Como un fenómeno cíclico, los primeros periodos parlamentarios de la transición democrática se caracterizaron por el elevado nivel cultural de los representantes de los diferentes partidos políticos. Pero la decepción no tardó en incubarse nuevamente en nuestra infortunada realidad. La mediocridad fue avanzando a ritmo geométrico, mientras el pensamiento retrocedía con igual velocidad. También en todos los partidos. Hasta llegar al actual estado de caótica ignorancia, donde el discurso no sienta banca. La avidez por el conocimiento era una vía improductiva para acumular bienes. Así era preferible para ese menester la avidez por el lucro. “Nuestro dios nacional –afirmaba Eligio Ayala allá por 1915– es la pasión por la utilidad política”.

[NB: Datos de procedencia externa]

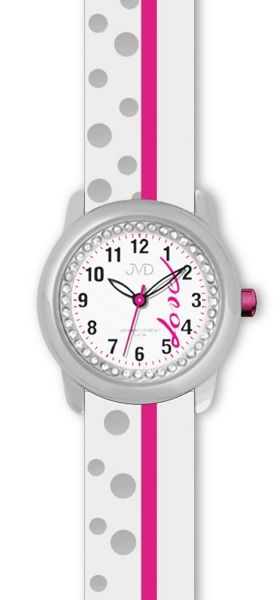 E-shop Detské náramkové hodinky JVD basic J7137.1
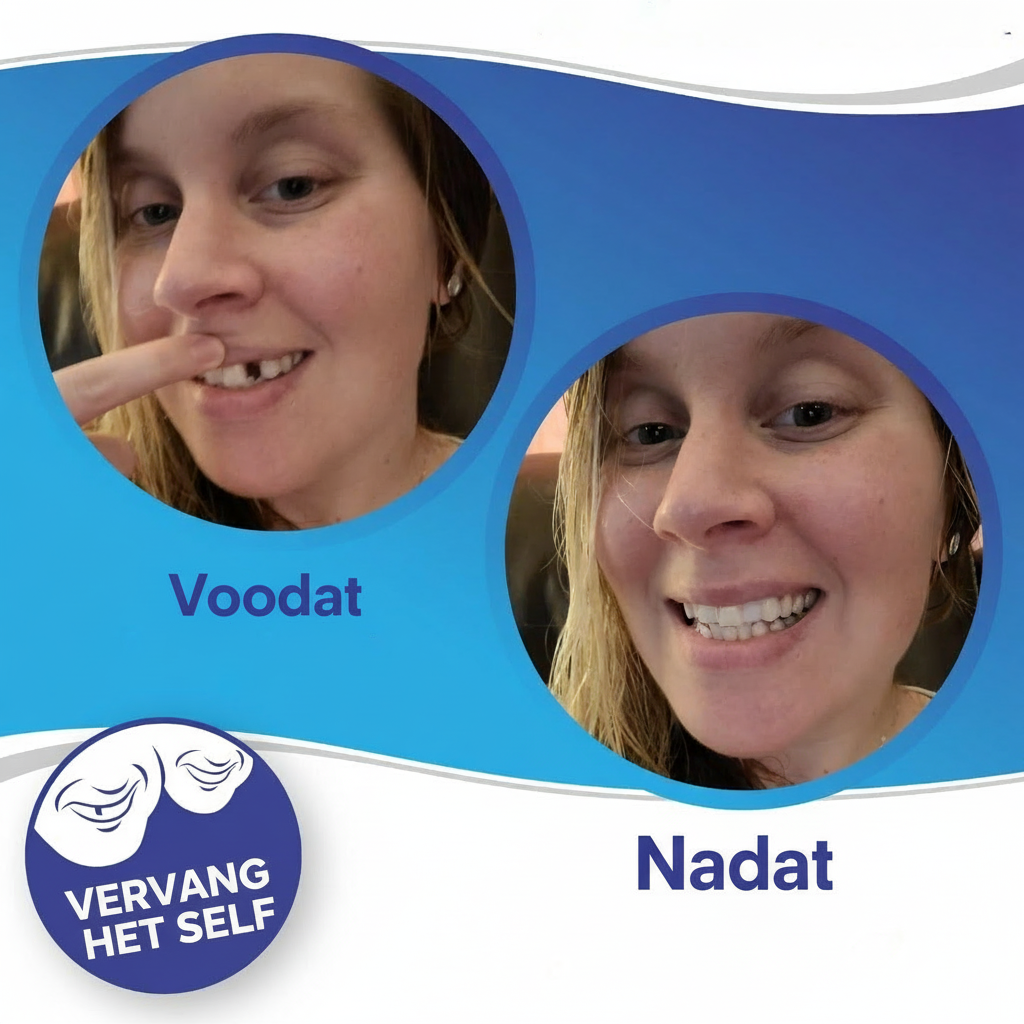 Instant Smile Veneers Upper Lower Dental Covers for Flawless Teeth 2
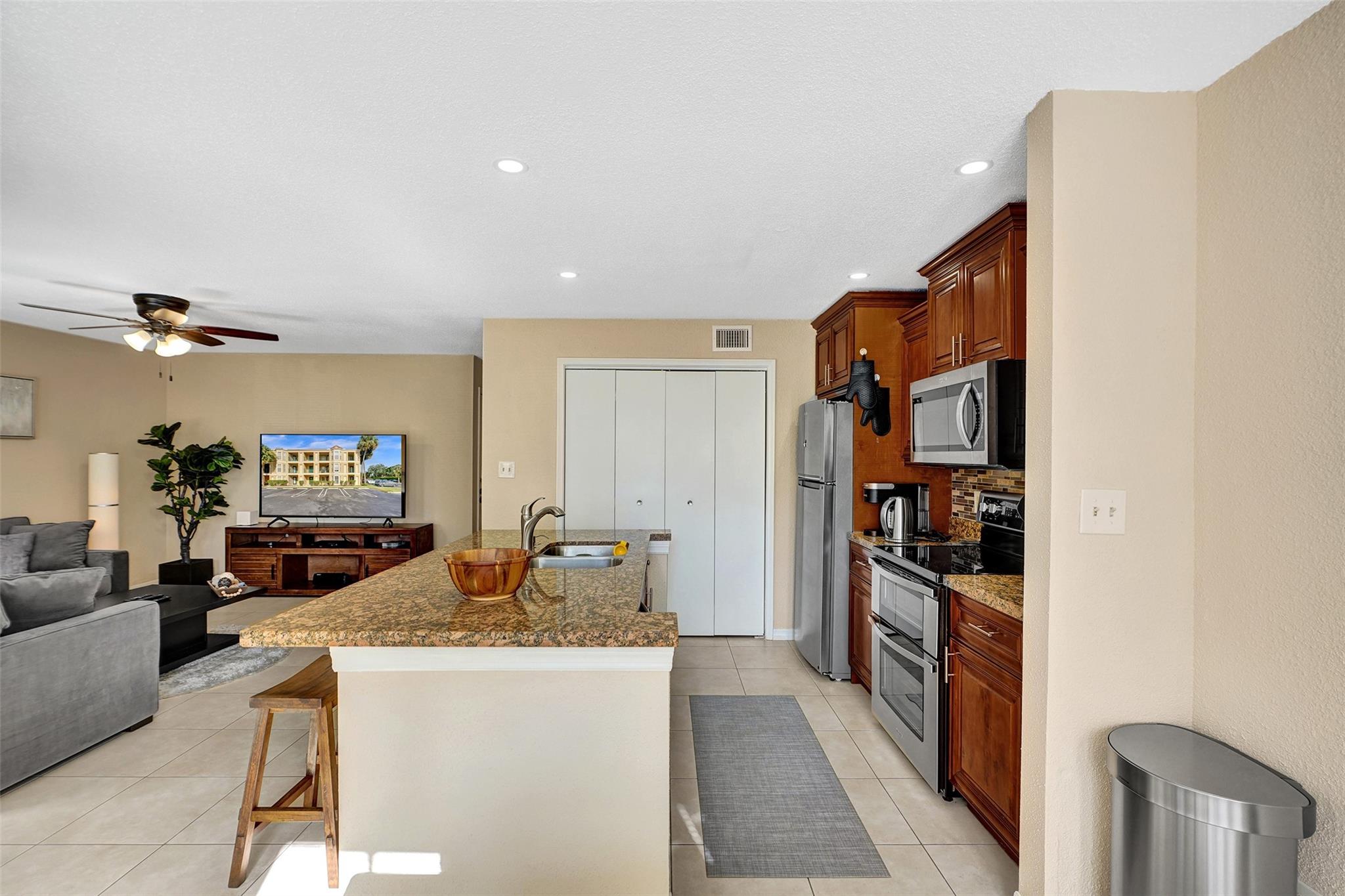 Savannah - Residential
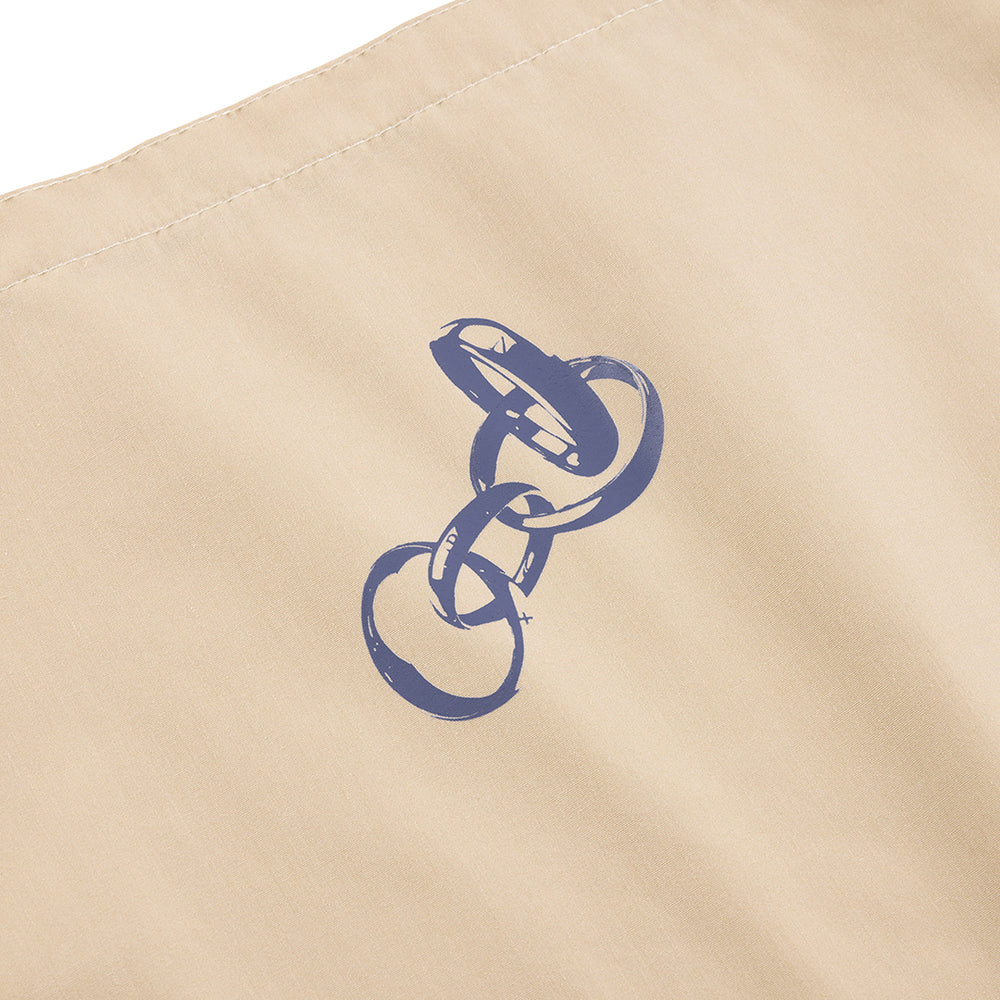 
                  
                    トートバッグ（BEIGE）
                  
                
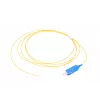 Pigtail SC/UPC Monomodo Extralink G.657.A1 900µm Cable FTTH 1,5 m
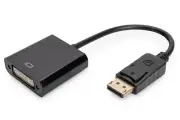 Digitus DisplayPort - DVI Adapter / Converter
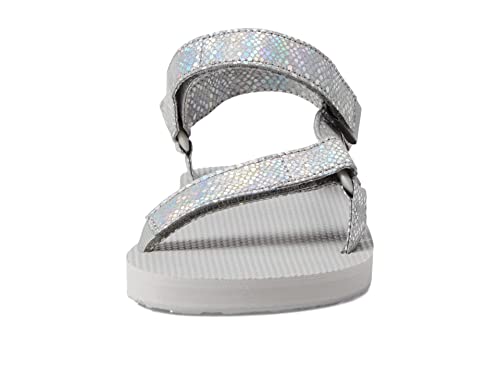 Teva Girl's Original Universal Sparklie Sandal2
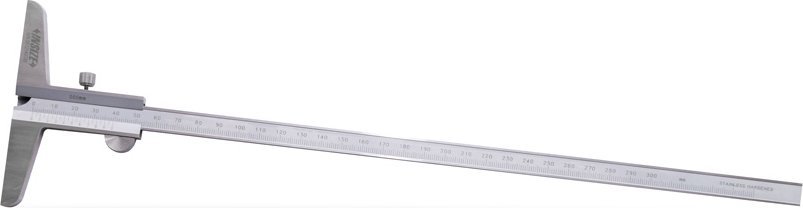 Insize GLEBOKOSC. 300/100 MAGA 0.05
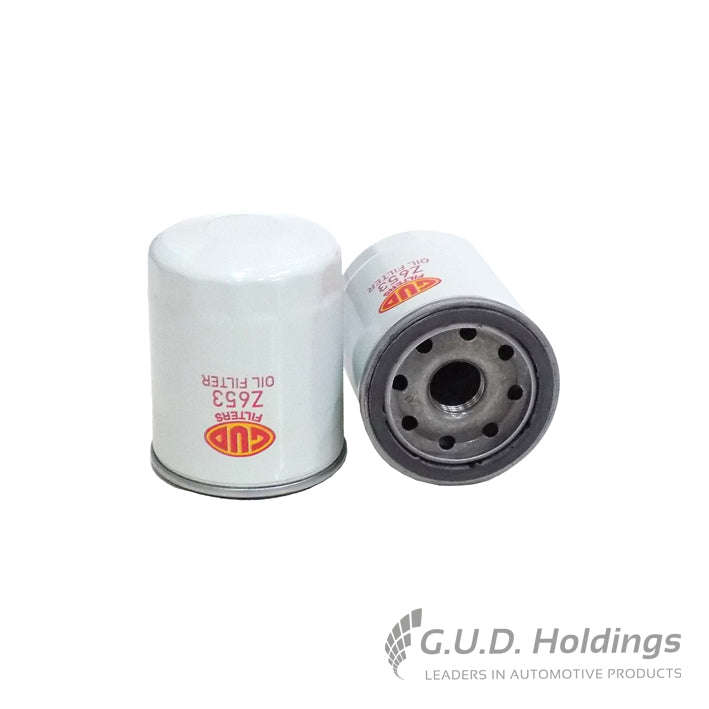 GUD SPIN ON OIL Filter For MITSUBISHI XPANDER 1.5 (4A91 16V 77KW) 21-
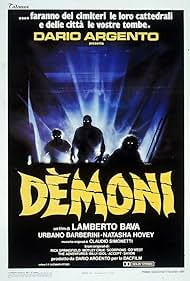Demons (1986) watch-Demons (1986)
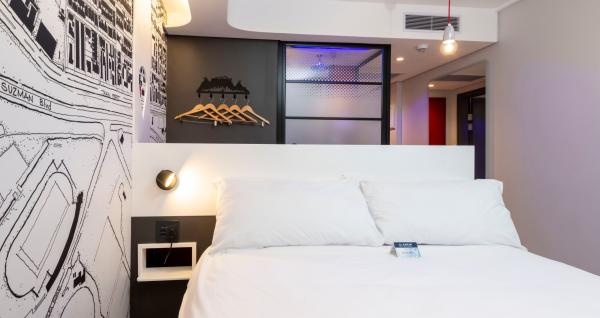 ANEW Hotel Green Point - 190971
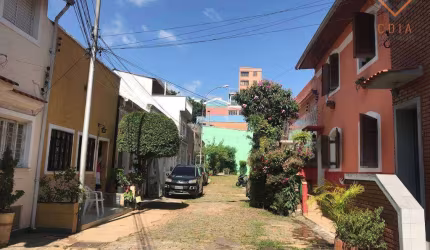 Casa com 3 dormitórios à venda, 131 m² por R$ 750.000,00 - Bela Vista - São Paulo/SP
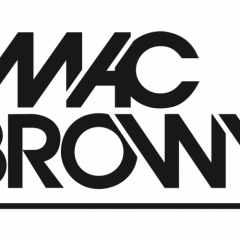 Mac Brown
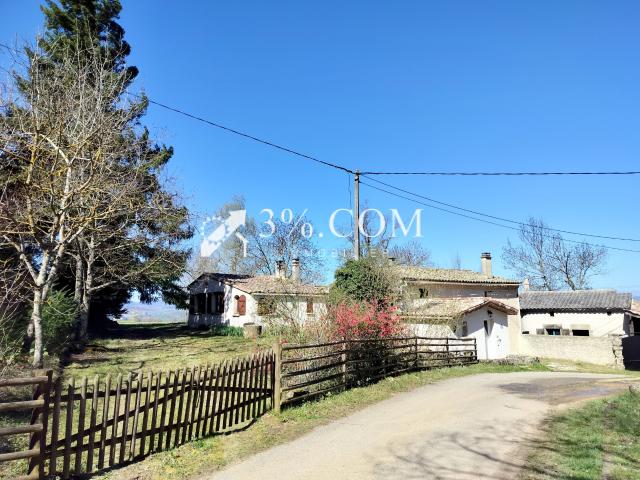 Maison vente à France métropolitaine, Saint-romain-de-lerps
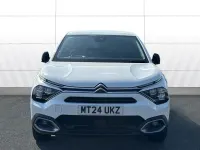 Usado Citroën C4 PureTech 131 HP (96 kW) 2024 Branco SUV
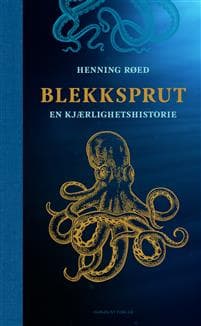 Blekksprut; en kjærlighetshistorie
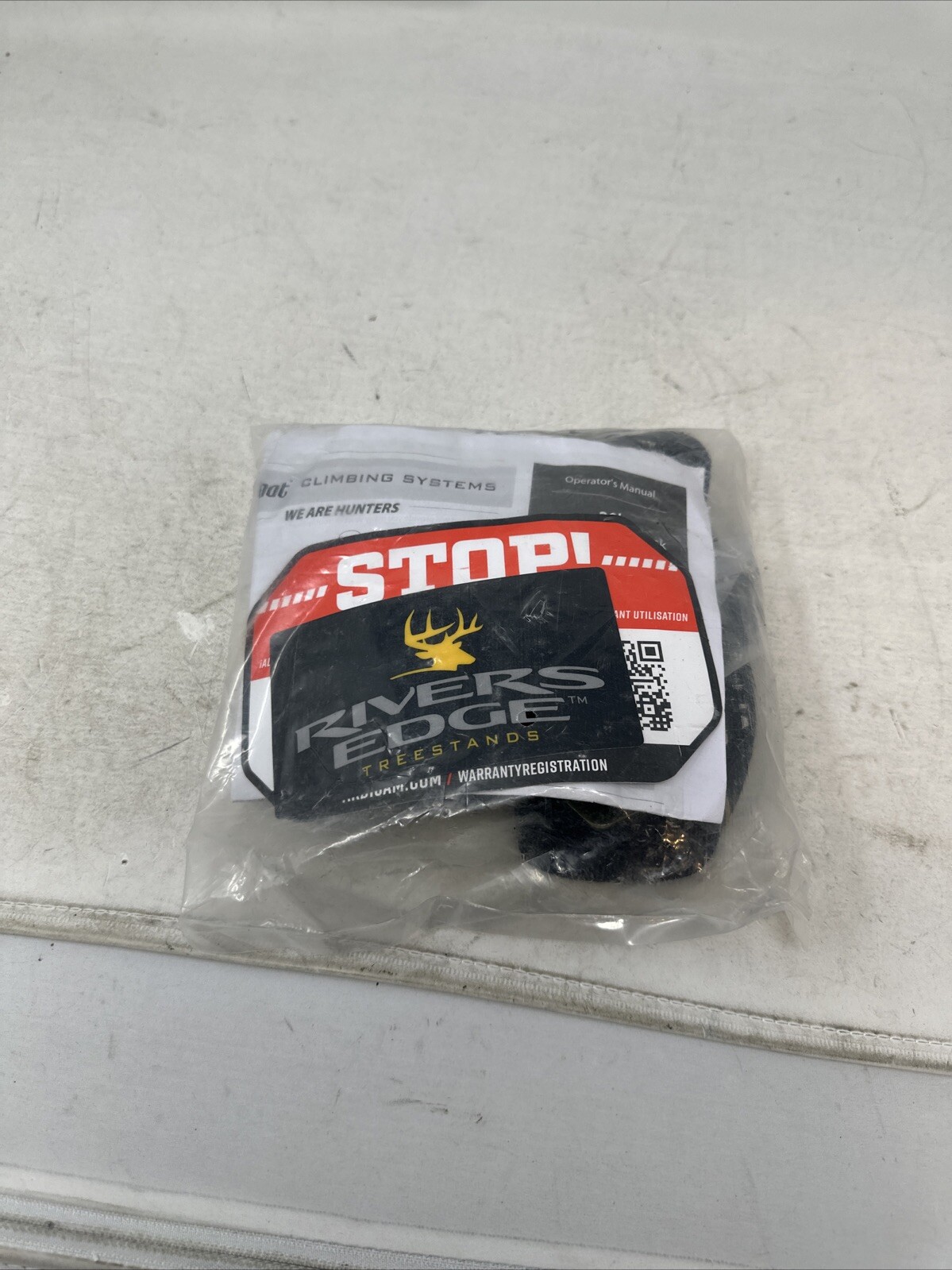20 ft. Big Foot Connected Stick, NEW/UNOPENED PACKAGE/FREE SHIPPING!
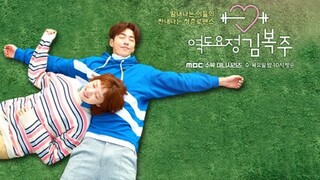 🇰🇷WFKBJ: WEIGHTLIFTING FAIRY KIM BOKJOO EP 6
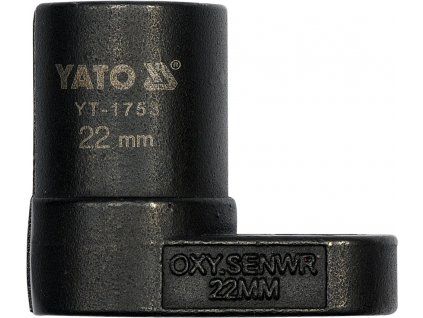 YT 1753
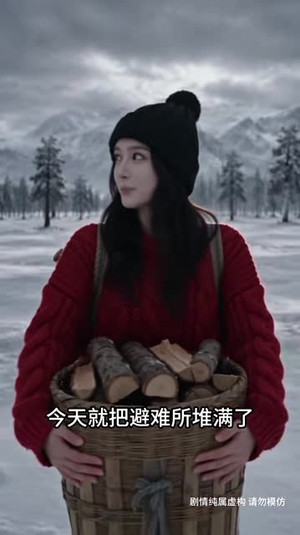 我在末世吃香喝辣之凛冬跟随囤货(164集) 我在末世吃香喝辣之凛冬跟随囤货(164集)夸克在线观看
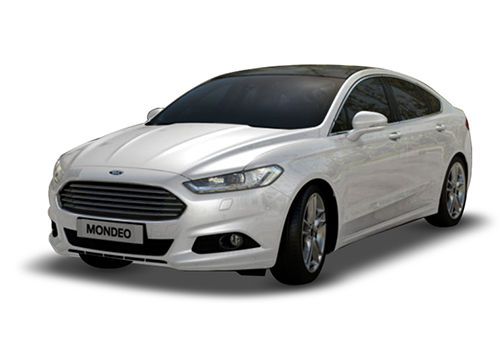 New ford mondeo 2013 dimensions #9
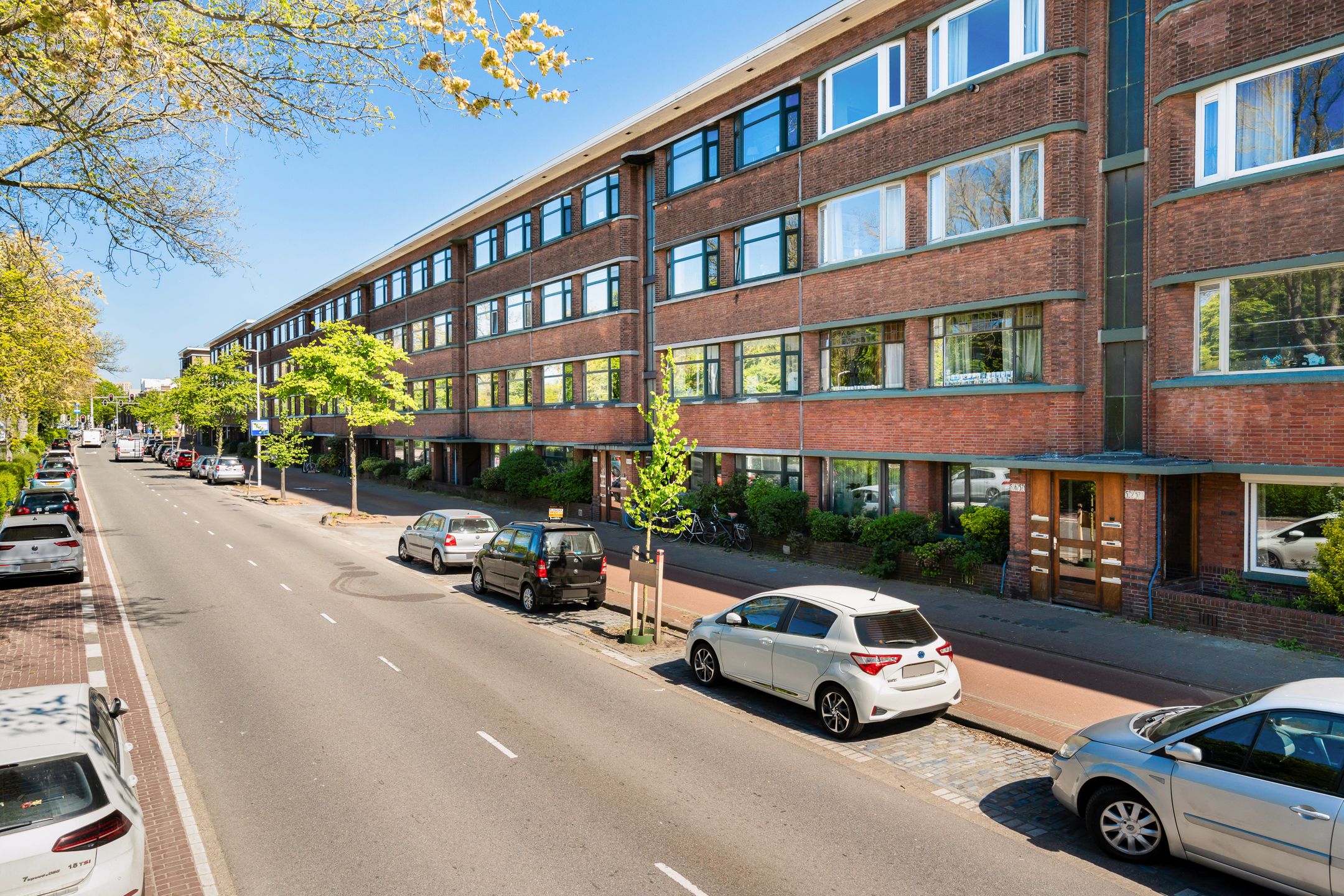 Foto 48 van Loosduinsekade 571
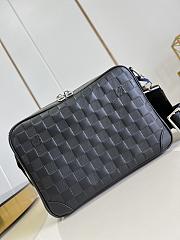 LV SIRIUS MESSENGER BAG N45286 27CM - 2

El presidente más ordinario de la era democrática fue Nicanor Duarte Frutos. Empezó ya en tiempos de su campaña apuntando al Palacio de López, cuando denigraba a su propia esposa proclamando con una retorcida mentalidad de troglodita, que “el buen toro echa de a dos”. Durante su gobierno, la única vez que acaparó las cadenas noticiosas internacionales fue cuando preguntó al público si entre los presentes no había alguien que quisiera “apatukar” a una de sus ministras. En las internas partidarias de 2007 utilizó los términos más despectivos para humillar al adversario de su candidata (Blanca Ovelar), Luis Alberto Castiglioni, su antiguo compañero de fórmula. Con un tono de pretendida ironía (ese no es un arte para cualquiera), una de las calificaciones más suaves fue la de “gallo mimói”, de la que solo se reía él mismo, en una forzada y desequilibrada risa. De Cartes (Horacio) dijo, primero, que era “un barcino” y, luego, un “loro borracho que sufre de la abstinencia del poder”, en tiempos en que se desempeñaba como director de la Entidad Binacional Yacyretá. Ahora cambió radicalmente de opinión. Porque su vulgaridad no se limita al lenguaje, sino que se extiende a su genuflexa abyección para tratar de subirse, si no es al carro, aunque sea en las ancas del poder de turno. Sospecho que Mario Abdo Benítez ya dejó de ser el “mejor presidente de toda la transición democrática”. Otros son los destinatarios de sus elogios. Incapaz de sostener sus posiciones (ni hablemos de convicciones) y su propio movimiento político, ha degradado todo lo que encuentra a su paso, en sintonía con su agreste ordinariez que ni el dinero malhabido puede maquillar. Buen provecho.